Для Блоха чуть ли не единственная форма постижения тайн нового мира – искусство. В «Духе утопии» мистические, религиозные настроения естественным образом соединяются с искусством экспрессионизма и вдохновляются им. Обсуждая Ван Гога и Сезанна (GU2, 45–48), Блох соотносит свое мышление с общими принципами экспрессионистской эстетики и находит в современном ему искусстве «целостное экстатическое созерцание» субъективности (GU1, 47). Благодаря сверхъестественной силе искусства вещи перестают быть мертвым антуражем, вечной тавтологией, и когда в них мы встречаемся с самими собой, видим, наконец, человеческий лик, и эта одушевленная мистическая вселенная откликается нам как всечеловек («макан-тропос»), тавтология рушится, возникает новый мир. Наследие экспрессионизма проявляется и во внимании к простым, часто незаметным мелочам (вспомним описание кувшина в самом начале «Духа утопии») и вообще к предметности повседневной жизни. Эстетика становится обоснованием философии истории, а мистическое переживание искусства легко переходит в эсхатологию.

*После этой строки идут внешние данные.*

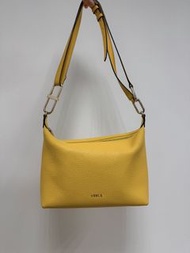 Furla 黃色皮革斜背包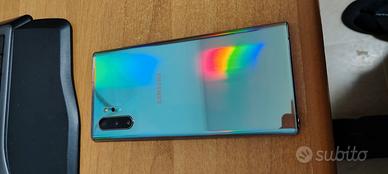 Samsung Note 10 Plus tenuto maniacalmente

Новая эсхатологическая очевидность дарует нам истину, «которая не берет больше, а дает, которая больше не постигает, а, именуя, трудами и молитвами назначает» (GU1, 388f.).
Поэтому искусство 1910-1920-х годов, многим казавшееся проповедью распада и тлена (и в живописи, и в литературе), так притягивало Блоха: он видел в нем нервное средоточие своей эпохи. Не только музыка, но и язык (более понятный медиум) становятся у него элементом мессианского постижения, чтение аллегорий – жестом, указующим в неведомое. Мессия должен был сойти с книжных страниц, переживаться в настоящем времени, он и был для Блоха этим временем – временем нового звучания новых слов. Но постичь призыв мессии можно, лишь осуществив герменевтическое усилие, постаравшись расшифровать будущее. Это означало – жить с историей и в истории, не удовлетворяясь повторением, открыв в себе умение видеть преизбыток исторического времени, его подкладку.
В экспрессионистской литературе эсхатологические настроения были чрезвычайно распространены. Они возникли как осознание разрыва между миром мистической сосредоточенности художника и миром реальным. Мгновение соответствия идеала и реальности отодвигается здесь в конец истории или вообще выносится за ее пределы – мистическое переживание дополняется эсхатологическим событием апокалипсиса. Это историческое измерение не всегда присутствует в экстатической религиозности, тогда как у Блоха оно ощутимо с самого начала (GU1, 383).